I wrote this post because I couldn’t find any information on my exact problem on forums. I have a second hand HP Stream 11 which had a dead battery (the battery died as the laptop hadn’t been used for over three months). I had the battery replaced. My Stream runs Ubuntu 18.04.3 and ran well on battery only for many days. It was suspended rather than switched off for approximately four days. One evening when I was using the laptop at approximately 20% battery it suddenly shut down and a blinking light came on near the charge port.
My initial reaction was to plug in the power cable which I realised wasn’t working. So I switched it off and left it plugged into power overnight. Still there was no charge. I unplugged it from power and noticed the light was still blinking near the power cable plug. I left it unplugged while I went to work. When I got home the light had stopped blinking. I plugged it back into power and now an amber light came on instead of the blinking light.
My vague understanding is the Stream must need to drain the battery to reset the battery to once again take a charge? I will also try charging it at around 30% discharge to see if it will start charging and update this post at a later date. It got me worried at first to see the Stream not take a charge after it had reached a critical battery point. As I was at work all day, I am not sure how long it took for the battery to completely drain as it was switched off, and off power as well. The blinking light is the key to this mystery. It is not the same light as the one that goes on in ‘suspended’ mode which is on the other side near the USB ports.

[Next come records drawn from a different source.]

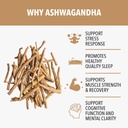 siba-ashwagandha-root-extract-1000-mg-pe-4.jpg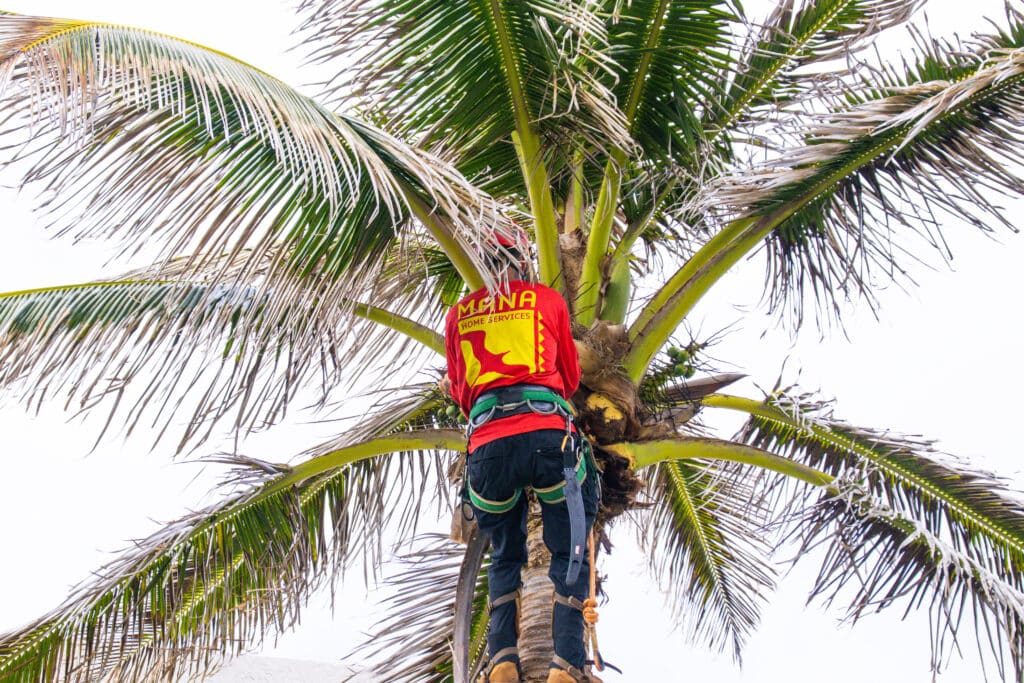 Fall Tree Pruning.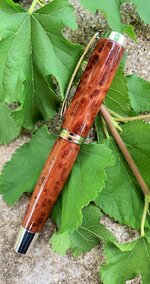 redwood jr (5).jpg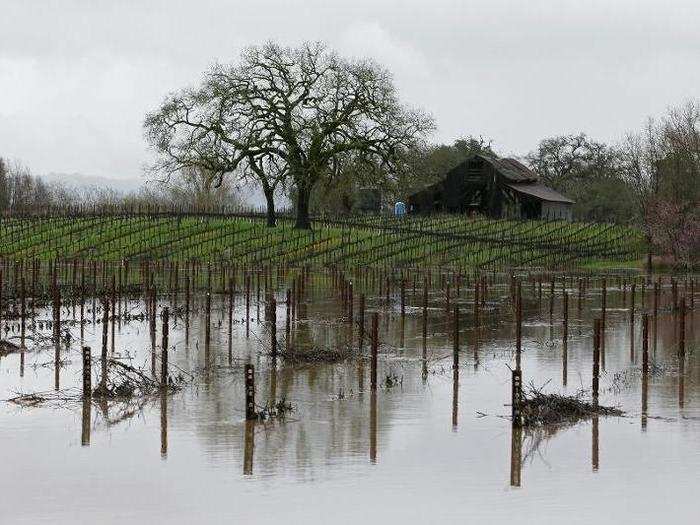 Some Sonoma County vineyards were swamped by rising waters.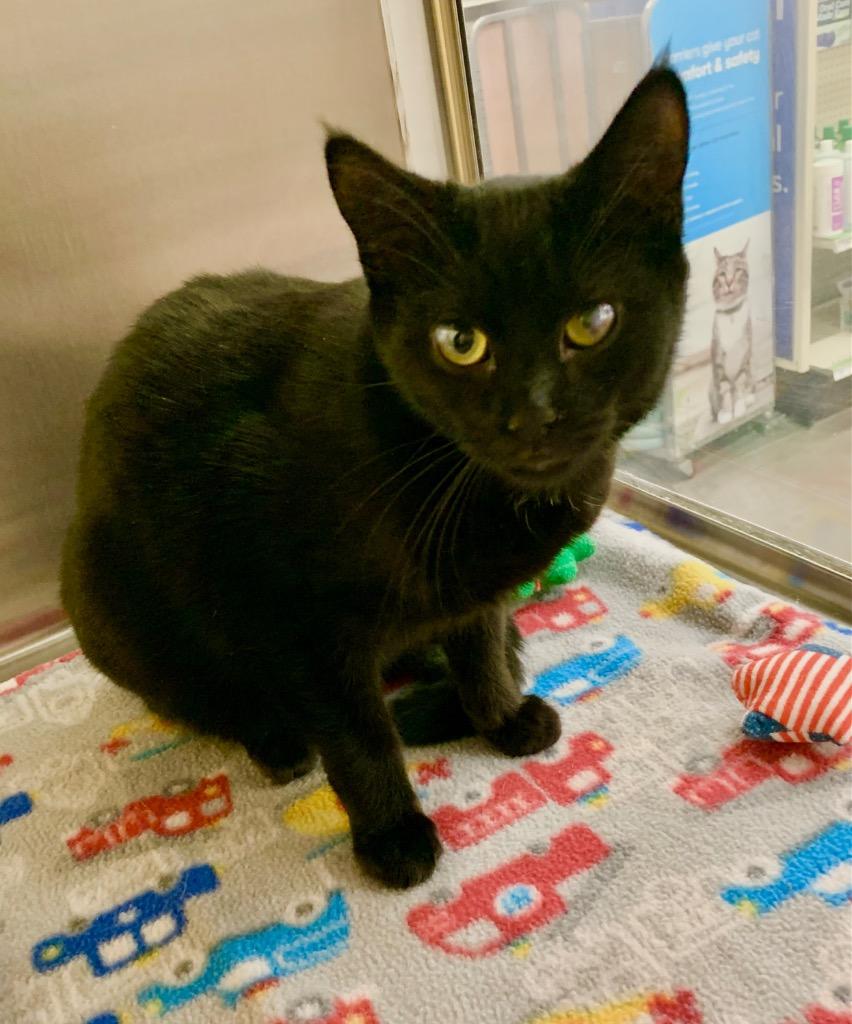 Marcus Allen, Adoptable, Kitten Male Domestic Short Hair.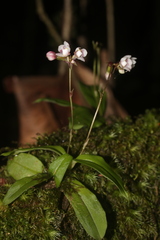 Cheiradenia cuspidata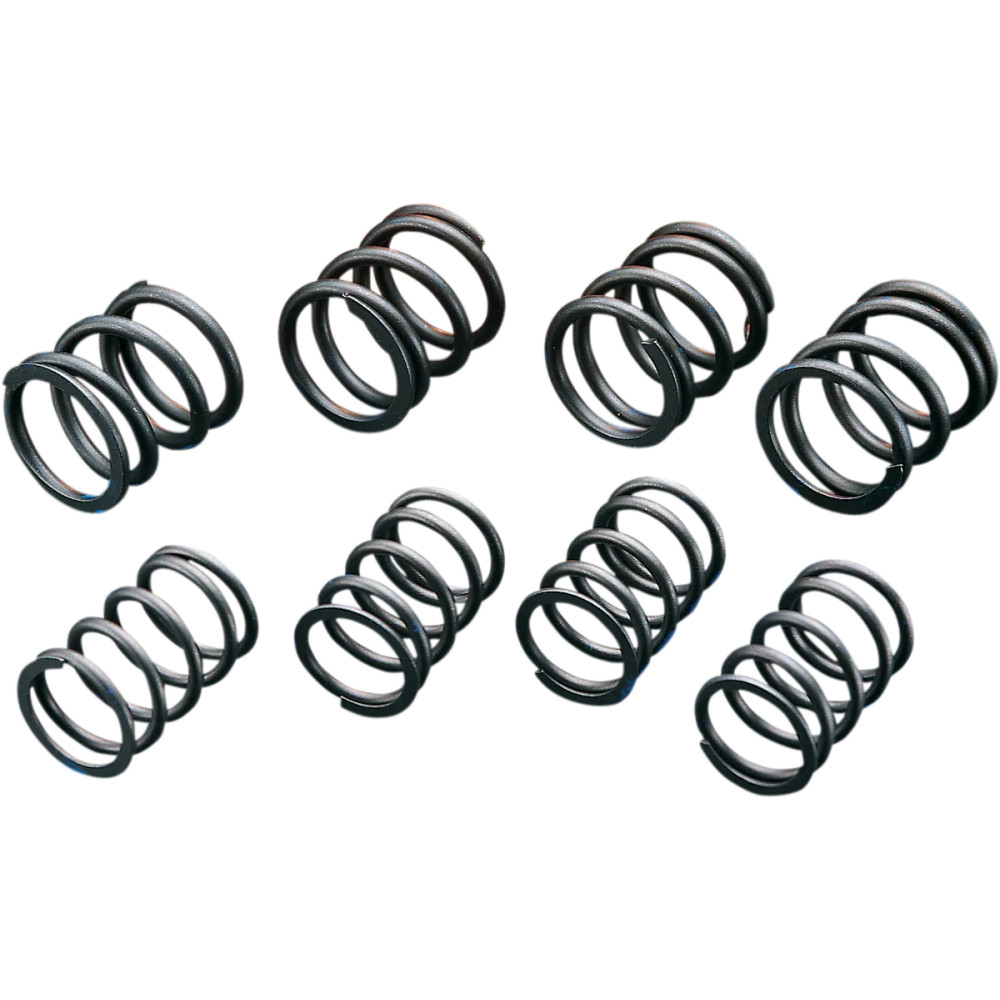 High-Lift Valve Springs — ANDREWS, 4-pack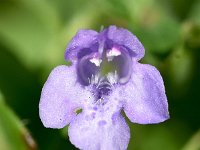 Clinopodium ascendens 3, Saxifraga-Sonja Bouwman   Opstijgende steentijm - Clinopodium ascendens - Lamiaceae familie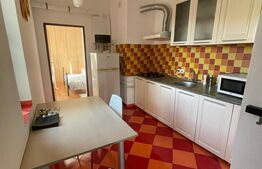 Apartament 2 camere, 60mp, pet friendly, zona Casa Vikingilor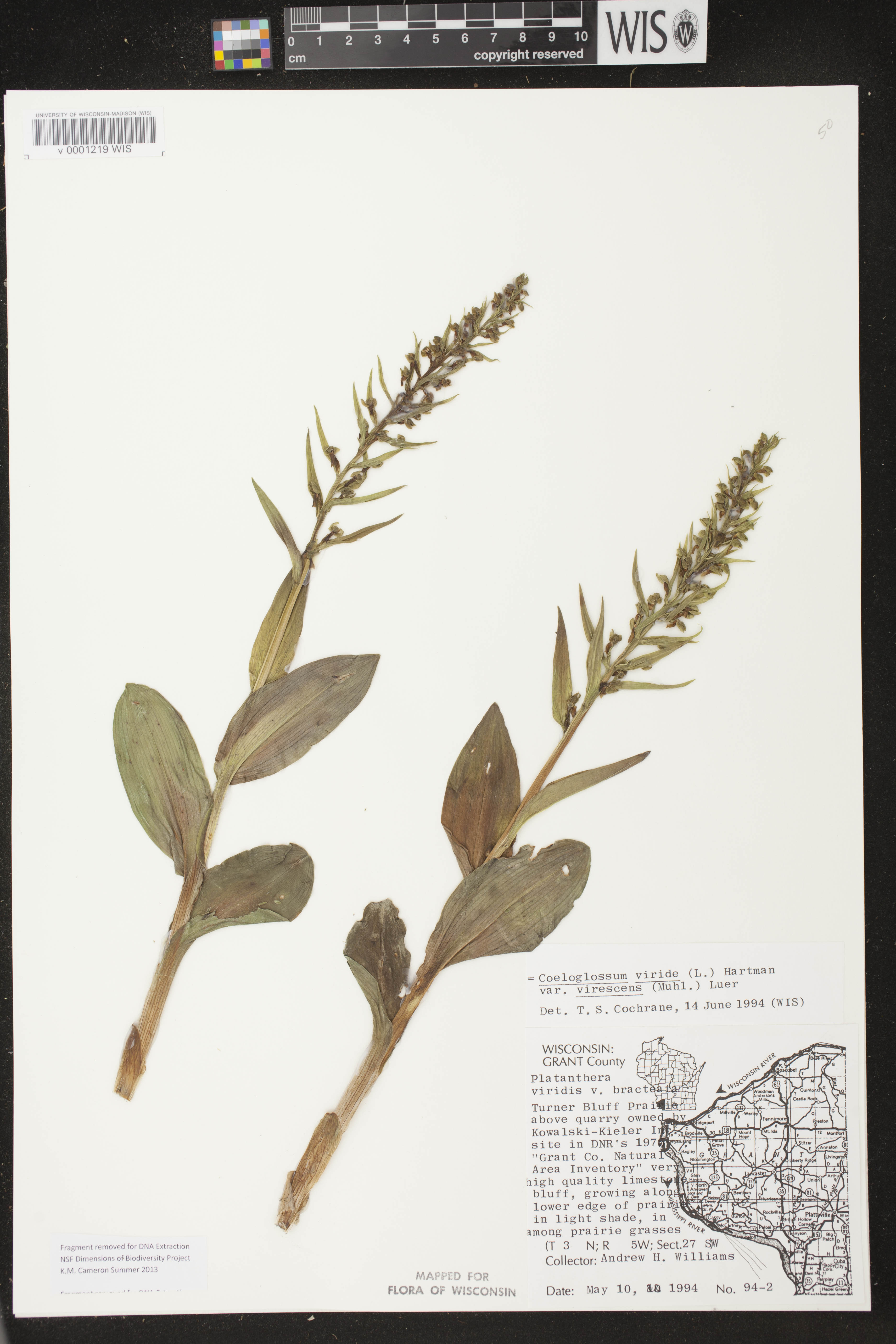 Coeloglossum viride var. virescens image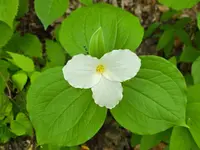 Trillium grandiflorum leaves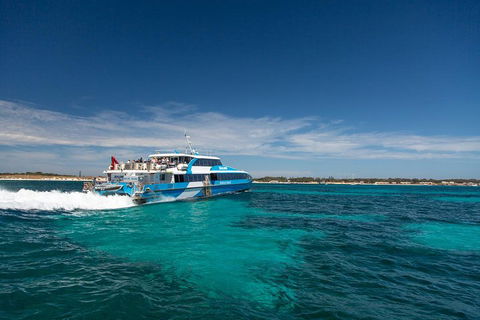 Perth To Rottnest Island Roundtrip Ferry Ticket - Accommodation Yamba 4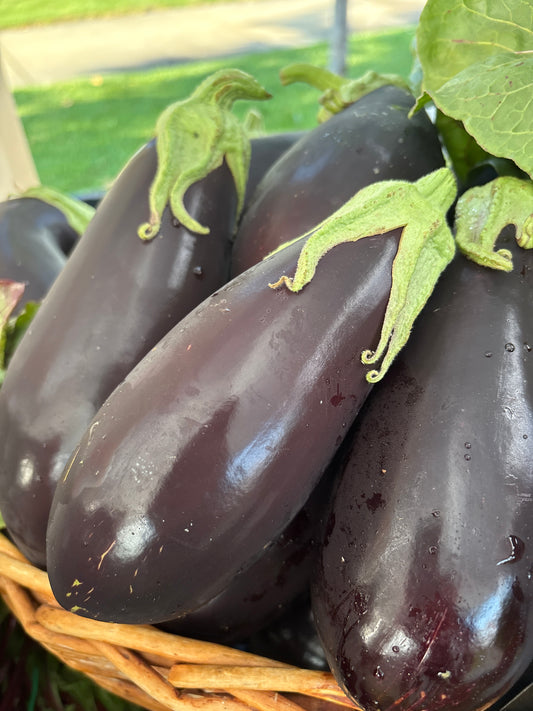 Eggplant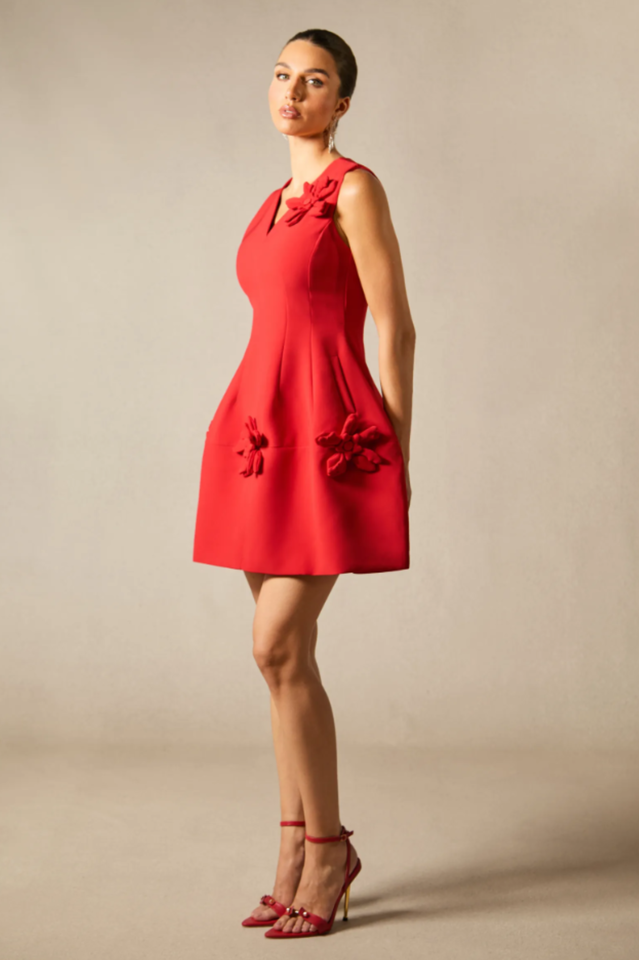 Bertina Floral Applique Mini Dress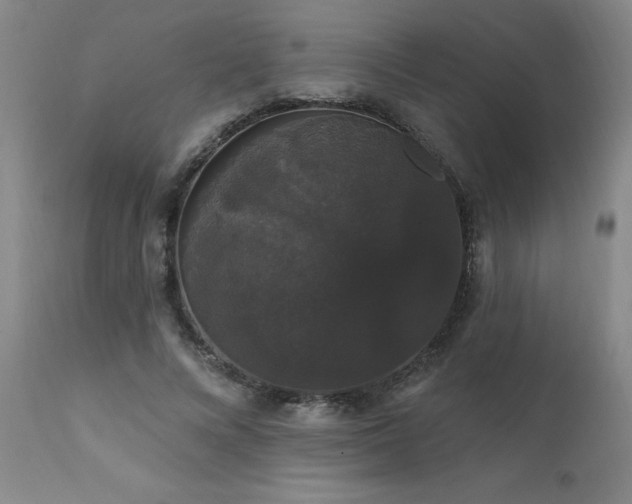 X0000111910688200907271222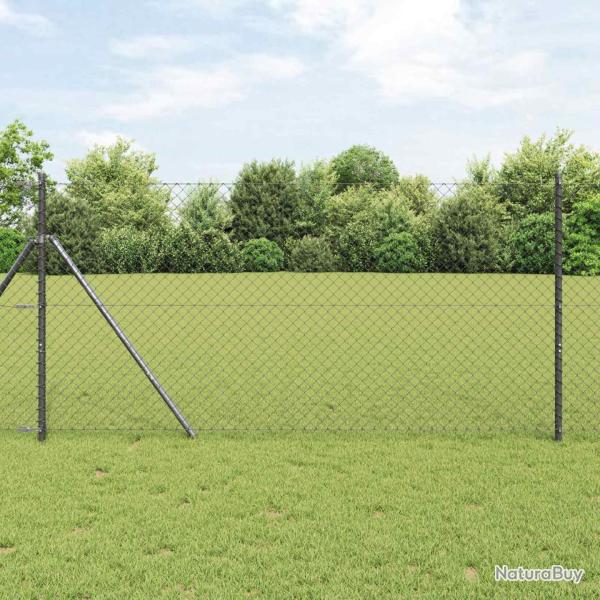 Cl�ture en treillis m�tallique 25 x 1 m Acier Gris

I couldn’t find anything in the BIOS settings to give me clues, or in a whole lot of Google searches which centred around Windows drivers and failed batteries. Hopefully this post helps someone with the same problem. It is a great laptop and I paired it back to CLI and multi user rather than graphical log in to help with battery life and ease distractions from a GUI.
(UPDATE; It looks like the battery has to completely drain each time before recharge, at least while on Ubuntu. So when the light stops flickering near the power port it is ready to recharge. Don’t try and put in the cable or it won’t fully drain.)